Starting a business looks sexy on Instagram. In reality? It’s caffeine-fueled nights, awkward product pivots, and repeatedly screaming, "Why is no one buying this?!"
Here’s the good news: You don’t have to have it all figured out. Here’s the better news: I’ve done the hard part (aka failing, flailing, and figuring it out), so now I’m sharing the best tips I’ve learned—no fluff, no hustle cult BS.
1. Perfection Isn’t Real. Just Start.
If you wait until everything’s in place, you’ll still be waiting in 2040. I’ve redone my website 100 times, changed taglines, scrapped products, added new ones, and redesigned my logo twice. Spoiler: that’s normal. The beauty is in the process, not the polished launch. Start messy. Adjust as you go.
2. Passion Helps—But It’s Not Everything.
If there’s something you’ve always wanted to do, go for it. But if not, don’t overthink it. You can build a business around something you like and believe in, without it being your soul’s purpose. Do your research. Find something with decent margins, low startup costs, and growth potential. You're not marrying it—you’re testing it.
3. Define Success Early (and Write It Down).

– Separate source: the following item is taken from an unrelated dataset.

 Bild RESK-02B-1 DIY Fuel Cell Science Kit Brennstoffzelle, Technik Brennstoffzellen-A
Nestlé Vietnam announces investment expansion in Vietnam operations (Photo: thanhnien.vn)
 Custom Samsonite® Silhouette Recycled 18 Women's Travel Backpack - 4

You will have highs and lows. Like... months-with-no-sales lows. Define what success looks like for you. Maybe it’s launching. Maybe it’s your first sale. Maybe it’s hitting 5k in 90 days. Whatever makes you say, “Damn, I did it”—name it, write it down, and keep it close. You’ll need it on the days your impostor syndrome is screaming louder than your sale notifications.
4. Stay Flexible.
You’ll love ideas that your audience won’t care about. It happens. If a rose gold jar isn’t landing, but silver’s flying off the shelves, pivot. Don’t lose your vision, but keep your ears open. Feedback is gold, even when it bruises your ego.
5. Know Your Audience (and Don’t Take Everyone’s Advice).

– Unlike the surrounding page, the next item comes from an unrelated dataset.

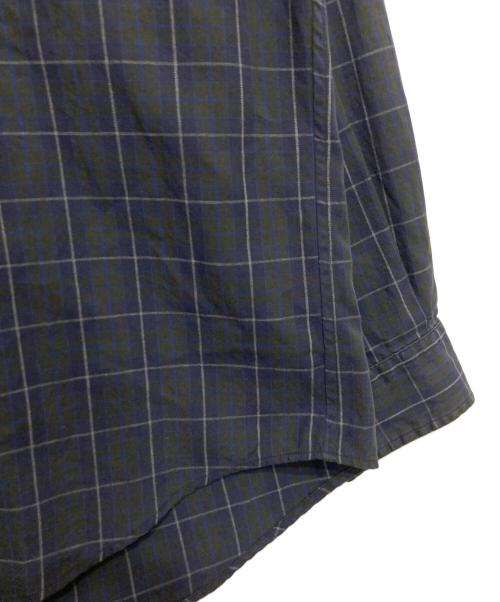 POLO RALPH LAUREN（ポロ・ラルフローレン）POLO RALPH LAUREN (ポロ・ラルフローレン) チェックシャツ ネイビー サイズ:Lの古着・服飾アイテム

Not everyone’s going to love your stuff. That’s a feature, not a bug. Define your audience clearly—like “Elder millennials who love candles, nostalgia, and unfiltered honesty.” (Hi.) When people give opinions, know whose matter and whose don’t.

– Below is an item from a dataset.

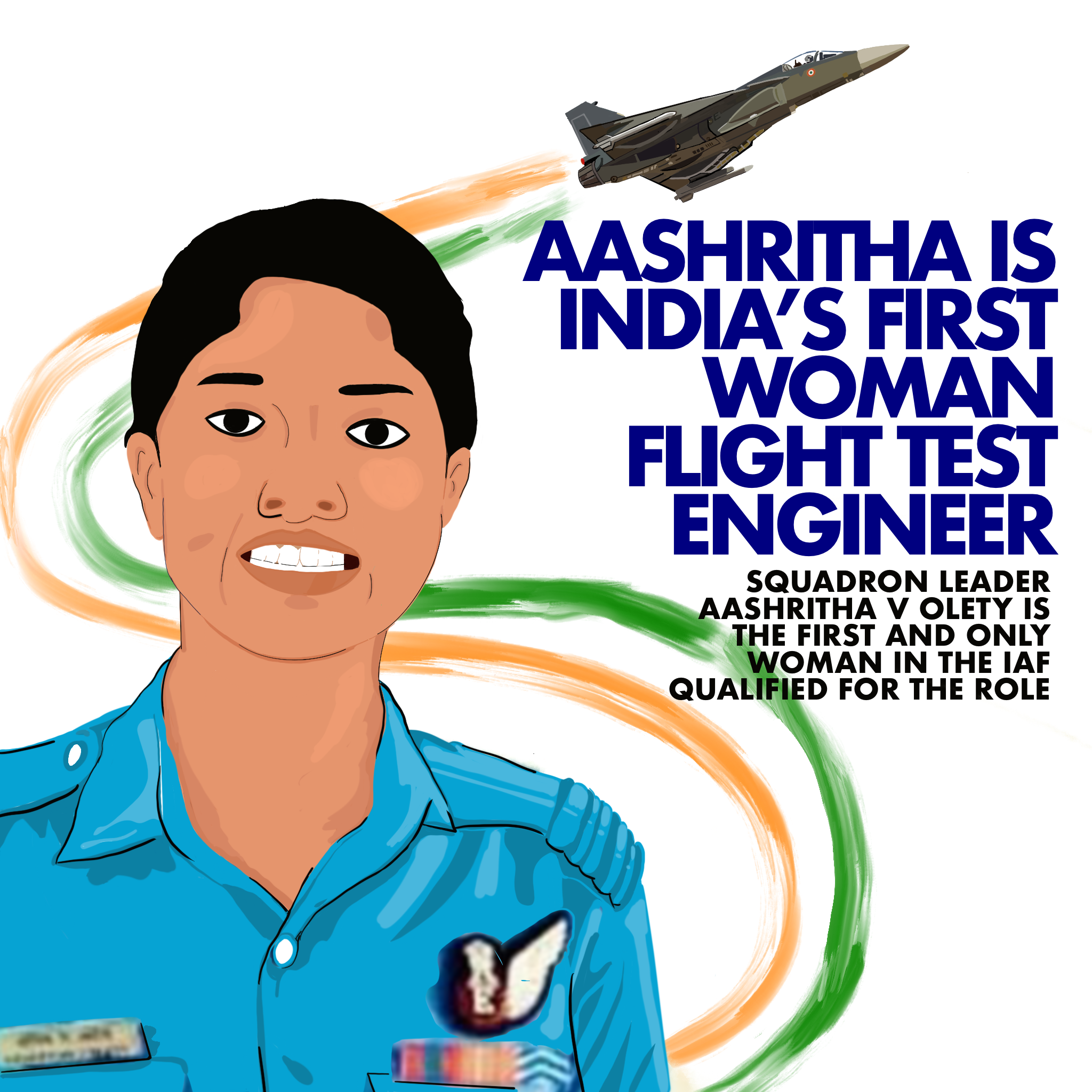 Aashritha Is India's First Woman Flight Test Engineer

6. Do the Heavy Lifting Upfront.
Yes, start. But also—get your house in order. What are your core values? What’s your brand ethos? Why do you exist? This is your foundation. And if your idea feels too big, trim it down. Get focused. Get spicy. Make your POV slap. It needs to be cohesive and make sense to anyone you pitch it to. You can always expand later.
7. Handle the Legal Sh*t.
Websites need privacy policies and terms. You might owe taxes in multiple states. Should you be an LLC, an S-Corp, or stay sole prop? Pay for a consult. The legal stuff isn’t fun, but it’s cheaper than lawsuits and IRS letters.
8. Your Friends & Family Might Not Show Up.
Oof, this one hurts—but it’s true. The people closest to you won’t always be your biggest cheerleaders. Sometimes your best customer is someone you haven’t seen since 8th grade. Don’t take it personally. No one will care about your business as much as you do. Ever. That’s not rude—it’s reality.
9. Learn to Sell (Without Being Super Cringe).
You’ve gotta shake the trees. People won’t magically know what you’re doing unless you tell them. But here’s the trick—don’t lead with “buy my product.” Lead with what’s in it for them. Think FAB: Feature, Application, Benefit. What is it? What does it do? Why should they care?
10. Build a Business That Fits Your Life.
Want to build an empire? Hell yes. Want something that gives you flexibility and peace? Also valid. You are the architect. Design your business to serve your life, not the other way around. That’s the whole damn point.
Final thought? Start scrappy. Stay curious. Be relentless. And when it gets hard (because it will), light a candle, take a breath, and remember: you’re building something real. And that’s already more than most people dare to do.